**Sorry this is so long, but I just had to express myself today. Even if it's lousy, it felt good to write it.
So ends another day of TAKSfest 2005. I have now rested for my requisite two hours of recovery time and am at last able to consider rehashing my day for your reading pleasure. My beagle is howling relentlessly outside my window and I am blissfully full of homemade pizza and beer. I think I can now cope with my day of disturbing events. Wait…must go get beagle. No one can think, much less write, amid such cacophony.
(pause)
My day dawned misty and gray as I…forget all that. It’s TAKS Reading, my test. Math was yesterday, but this is one I teach. I pulled all the kids from both classes whose ability to bomb the test and ruin me was higher than the other kids’ into my classroom and packed ‘em in like sausages. I carefully separated desks and strategically placed kids facing walls, near me, away from the door, apart from other kids, in front of the color purple and behind an easel, respectively. (I aim to meet all testing styles. That’s just how flexible I am. Heh.)
At last, we got past the excitement of new seats and crusty sausage biscuits from the cafeteria and began The Test. I read my obligatory robotic speech directly from the TAKS Manual and tried to convey the gravity of this situation to the kids by placing emphasis on specific words without deviating one letter from the booklet. [“You MAY take NOTES if you should CHOOSE to in the booklet.”] They began and I relaxed. I paced the room to make sure everyone was on the right page and then I settled in to read my book. Or so I planned.
That was approximately the time at which the bathroom/food syndromes simultaneously began. Little did I know I was not to sit down for the next 4 hours. It turns out that a passage about Vietnamese holidays might not be as intriguing to ten year olds as you’d think.
I have this student to whom I am strangely attached despite the fact that he has moved away (and come back) twice this school year, doesn’t complete work of any kind, possesses a locker which is a notorious biohazard, bullies other kids, and generally wears copious amounts of cafeteria breakfast on his face for the better part of a day. Again, strangely, inexplicably attached.

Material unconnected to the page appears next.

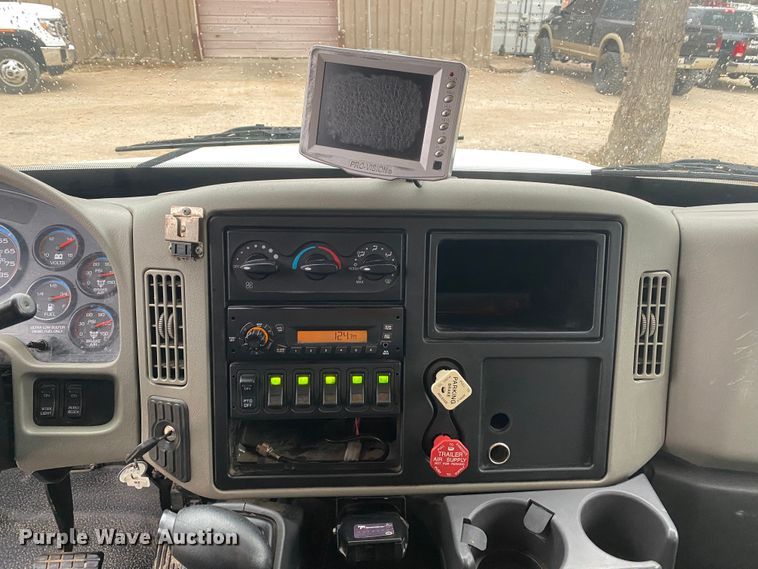 image for item DN8090 2011 International Navistar 4300M7  Crew Cab utility / service truck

I spent most of my time today begging him to just try on the test. Just try! That’s all I wanted. He’s very capable of passing, just uninterested in the idea. He took 11 bathroom breaks. When returning from the fourth, he waved me over excitedly. I eagerly rushed to his side, anticipating that he was ready to buckle down and tackle that test when he said, “Mrs.! Guess what?!” “What?” I asked, ready to receive the good news. “After I washed my hands, I shot the paper towel backhand around my waist from six feet away and made it!” He grinned and bounced. I gritted my teeth and pointed to his test. He frowned. I walked away to resume monitoring.
I cruised by Munchkin’s desk ten minutes later to realize he had misappropriated my “teacher chair” on the sly. He was joyfully spinning back and forth on the cushy splendor that is my coveted seat. I returned him to his chair and tried to keep his distractions to a dull roar as the rest of my kids attempted to solicit food from me. Last year, the third grade teachers must have plied them with food for the duration of the testing session because my students find TAKS to be synonymous with Eat Fest. “Can I have a Jolly Rancher?” “Is there more juice?” “Can I have two bags of pretzels?” “Do you have any gum?” and my personal favorite… “Can we take off our shoes?” Bahr? Are you taking a test or having a party??

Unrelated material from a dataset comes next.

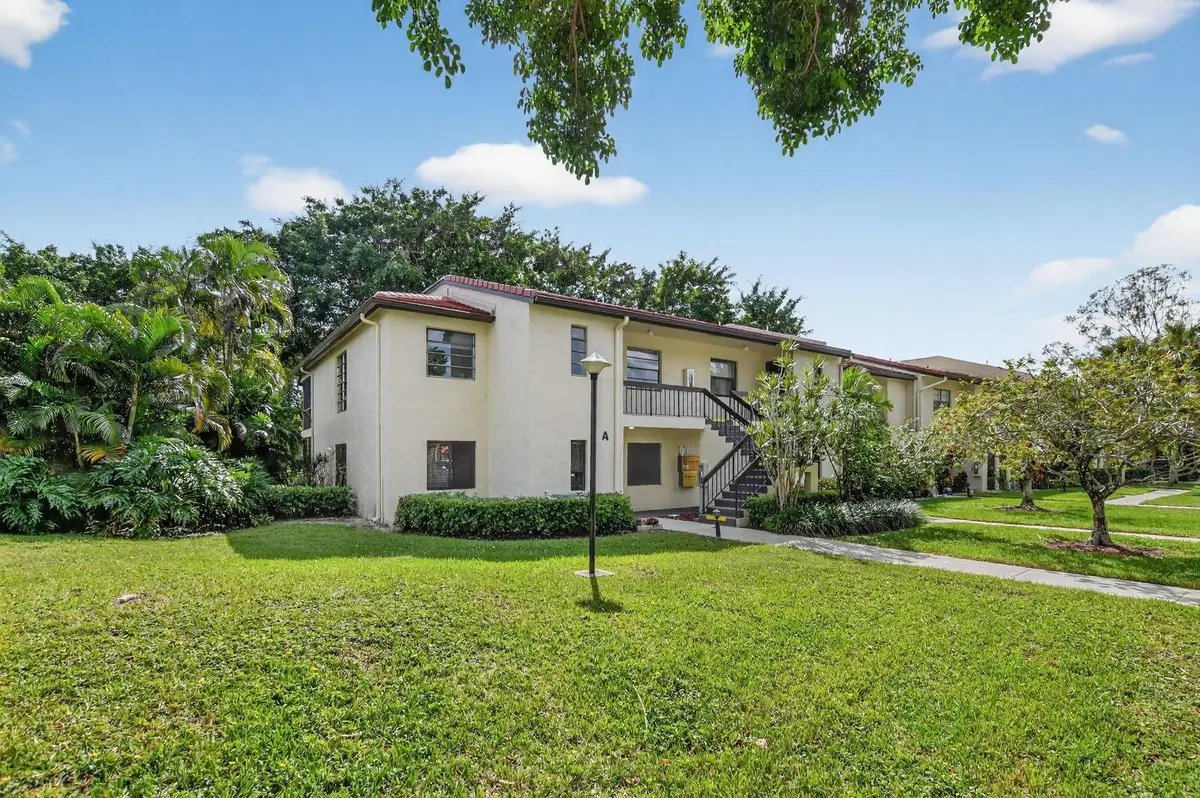 8310 Casa Del Lago #1A, Boca Raton, FL 33433 - Image #1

I finally got things moving and the grumblers testing. I was just sinking into my rocking chair when…the power went off. Now, we have a skylight instead of a ceiling, so there was really no problem, but a power outage nearly shut down any work I had managed to get started in the last hour. It took a good twenty minutes to convince my students that the world wasn’t ending and that school would not, in fact, be called off. I sighed and looked around to find that my teacher chair had again been commandeered, this time by the child who believes herself a cat.
The students in my class are treated kindly but very firmly and were apparently placed in my room for that reason. They test every rule, regulation and social norm that exist. At home, they are not made to follow directions and at school, their parents make excuses for any of their wrongdoings. Usually, I am able to tease them into behaving or win them over and make them believe that they want to be good. Not today. Today, their true colors, evil twins, and deep seeded souls came out. I’ve never seen them act like this around me all year. Other people? Yes. But not me!

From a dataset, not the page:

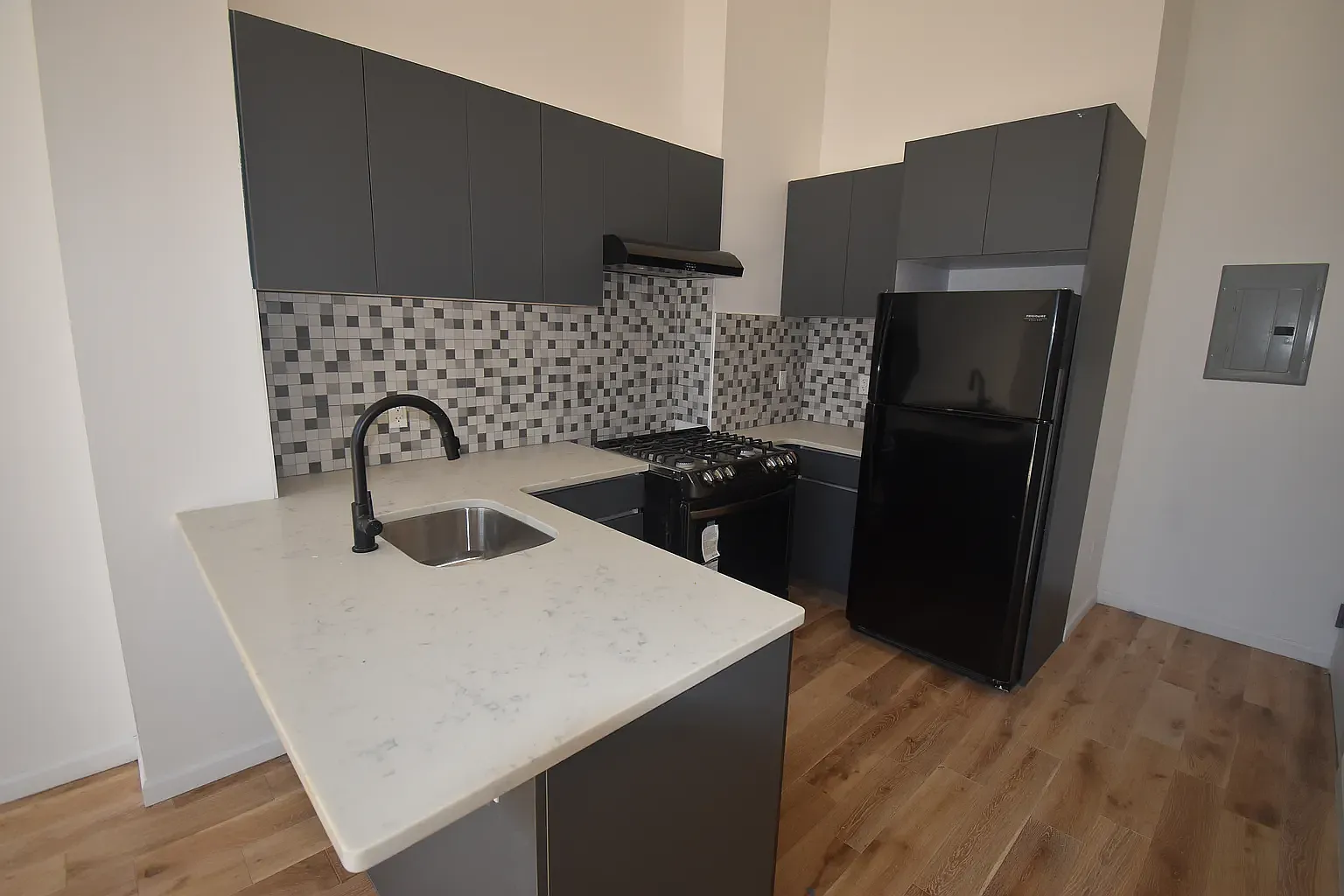 221 North 9th Street — Photo 1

I agitatedly reclaimed my chair while patting Fluffy on the head and turned to find Munchkin finished with his test, wearing the frog sticker from his pretzel bag prominently on his forehead. I snatched his test from him and grumpily sent him to the “done” room.
The rest of the day went much the same as I saved one of my best students from a tragic breakdown when he burst into flames of stress and decided he would never finish on time and he was going to fail fourth grade. I took him outside and reassured him until he felt able to finish the test. I’ve never seen this kid cry, ever. TAKS does funny things to us all. The afternoon found me defending myself when a kid discovered that their desk could make a whizzpopper-like squeak and all the kids stared at me. Me! The teacher who has not cropdusted them in months. Honestly, there is no trust.
And after all that, guess who got “chosen” to give the make up tests tomorrow?? Me!! Little ‘ol me. I’m going to hook myself up with a laptop and go to town. At least I’ll only have 5 kids and some tests. Going to bed now…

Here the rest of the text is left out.